= Given data =
= = =
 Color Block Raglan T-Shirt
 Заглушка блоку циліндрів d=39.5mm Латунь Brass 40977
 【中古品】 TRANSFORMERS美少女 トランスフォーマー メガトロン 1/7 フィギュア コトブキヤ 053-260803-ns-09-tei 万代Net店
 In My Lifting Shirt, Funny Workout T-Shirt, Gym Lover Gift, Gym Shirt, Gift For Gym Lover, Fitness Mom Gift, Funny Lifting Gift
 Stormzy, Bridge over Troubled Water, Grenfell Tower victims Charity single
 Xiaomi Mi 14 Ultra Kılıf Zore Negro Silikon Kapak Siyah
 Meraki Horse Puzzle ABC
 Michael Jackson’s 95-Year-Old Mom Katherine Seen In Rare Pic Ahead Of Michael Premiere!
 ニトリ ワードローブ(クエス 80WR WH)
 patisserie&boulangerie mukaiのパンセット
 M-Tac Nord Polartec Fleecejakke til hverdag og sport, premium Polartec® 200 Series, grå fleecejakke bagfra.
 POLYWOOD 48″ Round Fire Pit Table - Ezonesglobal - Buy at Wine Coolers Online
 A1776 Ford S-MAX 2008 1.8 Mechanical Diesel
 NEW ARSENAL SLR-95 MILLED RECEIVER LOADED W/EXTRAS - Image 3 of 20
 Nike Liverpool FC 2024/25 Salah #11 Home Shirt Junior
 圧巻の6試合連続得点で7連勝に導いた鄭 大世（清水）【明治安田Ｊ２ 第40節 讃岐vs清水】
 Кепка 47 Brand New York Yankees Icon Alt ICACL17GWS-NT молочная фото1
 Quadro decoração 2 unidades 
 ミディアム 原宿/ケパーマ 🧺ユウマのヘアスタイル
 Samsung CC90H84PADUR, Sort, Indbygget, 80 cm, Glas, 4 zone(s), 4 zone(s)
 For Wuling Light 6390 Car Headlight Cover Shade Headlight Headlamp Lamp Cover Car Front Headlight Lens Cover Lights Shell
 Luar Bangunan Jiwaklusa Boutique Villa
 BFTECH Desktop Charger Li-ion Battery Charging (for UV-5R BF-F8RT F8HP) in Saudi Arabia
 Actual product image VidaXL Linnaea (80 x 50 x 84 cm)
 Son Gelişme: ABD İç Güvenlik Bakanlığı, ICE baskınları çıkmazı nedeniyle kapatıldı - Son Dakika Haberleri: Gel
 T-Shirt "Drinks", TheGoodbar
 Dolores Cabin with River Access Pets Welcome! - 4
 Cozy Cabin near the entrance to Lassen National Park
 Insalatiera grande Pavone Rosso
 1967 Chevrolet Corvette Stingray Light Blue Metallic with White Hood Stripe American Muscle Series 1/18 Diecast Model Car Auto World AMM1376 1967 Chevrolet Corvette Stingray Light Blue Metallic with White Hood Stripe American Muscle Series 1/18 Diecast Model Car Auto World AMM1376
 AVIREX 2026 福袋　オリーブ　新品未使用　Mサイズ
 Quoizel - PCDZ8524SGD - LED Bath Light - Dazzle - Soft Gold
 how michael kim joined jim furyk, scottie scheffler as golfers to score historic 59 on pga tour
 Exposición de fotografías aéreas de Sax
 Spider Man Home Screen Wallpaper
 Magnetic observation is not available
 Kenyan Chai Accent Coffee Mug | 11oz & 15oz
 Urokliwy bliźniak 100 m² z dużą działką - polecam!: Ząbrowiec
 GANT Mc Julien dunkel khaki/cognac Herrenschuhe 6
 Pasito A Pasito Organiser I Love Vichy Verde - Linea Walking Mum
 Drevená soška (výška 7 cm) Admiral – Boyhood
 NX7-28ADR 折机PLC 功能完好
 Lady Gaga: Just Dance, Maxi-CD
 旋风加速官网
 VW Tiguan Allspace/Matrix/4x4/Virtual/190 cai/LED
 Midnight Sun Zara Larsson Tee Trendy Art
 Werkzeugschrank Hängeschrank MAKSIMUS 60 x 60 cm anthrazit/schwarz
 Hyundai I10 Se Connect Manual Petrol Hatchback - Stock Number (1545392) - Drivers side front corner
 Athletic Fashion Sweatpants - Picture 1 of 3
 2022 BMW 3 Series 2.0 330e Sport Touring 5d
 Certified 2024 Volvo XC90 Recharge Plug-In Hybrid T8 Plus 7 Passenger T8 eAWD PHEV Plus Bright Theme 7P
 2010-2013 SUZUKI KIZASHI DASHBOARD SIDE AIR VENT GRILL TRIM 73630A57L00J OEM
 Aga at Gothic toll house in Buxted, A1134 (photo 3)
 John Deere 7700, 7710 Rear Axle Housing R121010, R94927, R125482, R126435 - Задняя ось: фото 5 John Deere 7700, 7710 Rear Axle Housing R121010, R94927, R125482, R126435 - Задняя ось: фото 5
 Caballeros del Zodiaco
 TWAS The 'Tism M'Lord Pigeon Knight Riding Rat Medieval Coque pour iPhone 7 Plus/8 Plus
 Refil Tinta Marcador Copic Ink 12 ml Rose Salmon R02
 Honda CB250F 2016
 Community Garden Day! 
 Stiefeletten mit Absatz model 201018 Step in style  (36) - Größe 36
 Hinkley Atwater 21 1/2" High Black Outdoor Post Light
= = =
= Brief =
In the data above, retype exactly and only the lines between the one holding "Urokliwy bliźniak 100" and the one holding "NX7-28ADR 折机PLC 功能完好", inclusive.

= Result below =
 Urokliwy bliźniak 100 m² z dużą działką - polecam!: Ząbrowiec
 GANT Mc Julien dunkel khaki/cognac Herrenschuhe 6
 Pasito A Pasito Organiser I Love Vichy Verde - Linea Walking Mum
 Drevená soška (výška 7 cm) Admiral – Boyhood
 NX7-28ADR 折机PLC 功能完好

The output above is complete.